Oğuz Demiralp

23 Ağustos 2019

İçerde ve dışarda başarıdan başarıya

Ekonomi zaten kötü giderken, kayyım kararı ile siyaseti daha da karıştıracak olumsuz bir adım atılmış oldu

Hangi konuda ‘Olur mu öyle şey?’ derseniz Türkiye’de oluyor.

Birkaç ay önce seçimle iş başına gelmiş belediye başkanlarını görevden alıp yerlerine kayyım atanması olacak iş değil, ama oldu. Türkiye’de artık sandık demokrasisi bile sorgulanıyor. Bu olayın izahını göremiyorum. Somut kanıt da şimdiye kadar göremedik.
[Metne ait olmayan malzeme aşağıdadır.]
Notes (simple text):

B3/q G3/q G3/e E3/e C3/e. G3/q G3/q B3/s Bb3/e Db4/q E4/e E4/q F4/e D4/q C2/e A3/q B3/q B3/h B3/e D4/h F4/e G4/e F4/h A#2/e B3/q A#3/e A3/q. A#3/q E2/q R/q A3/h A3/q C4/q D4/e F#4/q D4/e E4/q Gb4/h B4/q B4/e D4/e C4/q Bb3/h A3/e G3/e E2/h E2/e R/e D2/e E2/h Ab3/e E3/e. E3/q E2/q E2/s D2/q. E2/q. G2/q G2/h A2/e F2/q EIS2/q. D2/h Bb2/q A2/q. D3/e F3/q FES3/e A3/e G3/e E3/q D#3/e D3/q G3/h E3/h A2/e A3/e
Bilmediğimiz şeyler varsa bilelim.

Dışarıya nasıl anlatılır bu olay? Tarafı olduğumuz Avrupa Yerel Özerklik Şartına uygunluğu nasıl savunulabilir?
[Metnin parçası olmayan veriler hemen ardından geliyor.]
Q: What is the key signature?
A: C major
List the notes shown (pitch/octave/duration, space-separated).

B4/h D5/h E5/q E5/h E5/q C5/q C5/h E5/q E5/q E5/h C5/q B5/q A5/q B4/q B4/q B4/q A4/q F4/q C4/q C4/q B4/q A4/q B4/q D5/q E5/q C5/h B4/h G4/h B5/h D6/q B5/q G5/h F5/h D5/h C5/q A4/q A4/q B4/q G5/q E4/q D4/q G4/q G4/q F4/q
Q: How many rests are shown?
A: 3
Hepsinden önemlisi: Bu olay Kürt vatandaşlarımıza nasıl izah edilebilir? Bu olay bir kısım Kürt vatandaşlarımızda yabancılaşma duygusuna yol açmaz mı? Bunları düşünmek gerekir.
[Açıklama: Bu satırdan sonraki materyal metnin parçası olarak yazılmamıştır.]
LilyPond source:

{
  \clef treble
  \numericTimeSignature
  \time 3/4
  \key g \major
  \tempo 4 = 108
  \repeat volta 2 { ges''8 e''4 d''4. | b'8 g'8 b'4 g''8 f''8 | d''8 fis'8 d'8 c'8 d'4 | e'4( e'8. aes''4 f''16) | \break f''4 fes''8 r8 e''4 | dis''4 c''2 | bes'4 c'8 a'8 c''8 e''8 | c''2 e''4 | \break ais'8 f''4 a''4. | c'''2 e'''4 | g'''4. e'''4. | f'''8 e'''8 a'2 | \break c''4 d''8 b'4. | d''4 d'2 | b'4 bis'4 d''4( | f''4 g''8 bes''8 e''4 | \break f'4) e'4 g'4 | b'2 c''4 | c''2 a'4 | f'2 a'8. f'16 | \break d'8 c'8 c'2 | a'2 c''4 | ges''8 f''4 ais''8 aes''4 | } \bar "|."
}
Ancak yakın siyasal amacın HDP destekli Millet İttifakı’nı bozmak olduğu anlaşılıyor. Sadece CHP ile İyi Parti arasında değil, CHP içinde de sorun çıkarabilecek bir olay olarak değerlendirildiği görülüyor. Bu siyasi manevrayı atlatmak gerekir. İlkesel bir yaklaşım sergilenmeli. Demokrasi savunulmalı. Seçimle gelen seçimle gider.  

Ekonomi zaten kötü giderken, siyaseti daha da karıştıracak olumsuz bir adım atılmış oldu.

Peki dışarıda işler çok mu iyi gidiyor? En çok yoğunlaştığımız konu olan Suriye’deki durum iyice tatsız. Güya ABD ile bir anlaşma yolundayız. Bunu diplomatik başarı saymak çok güç. ABD sınırın iki tarafına da yerleşip, kendi aklınca Fırat’ın Doğusundaki oluşumu bize karşı, bizi de onlara karşı savunacak.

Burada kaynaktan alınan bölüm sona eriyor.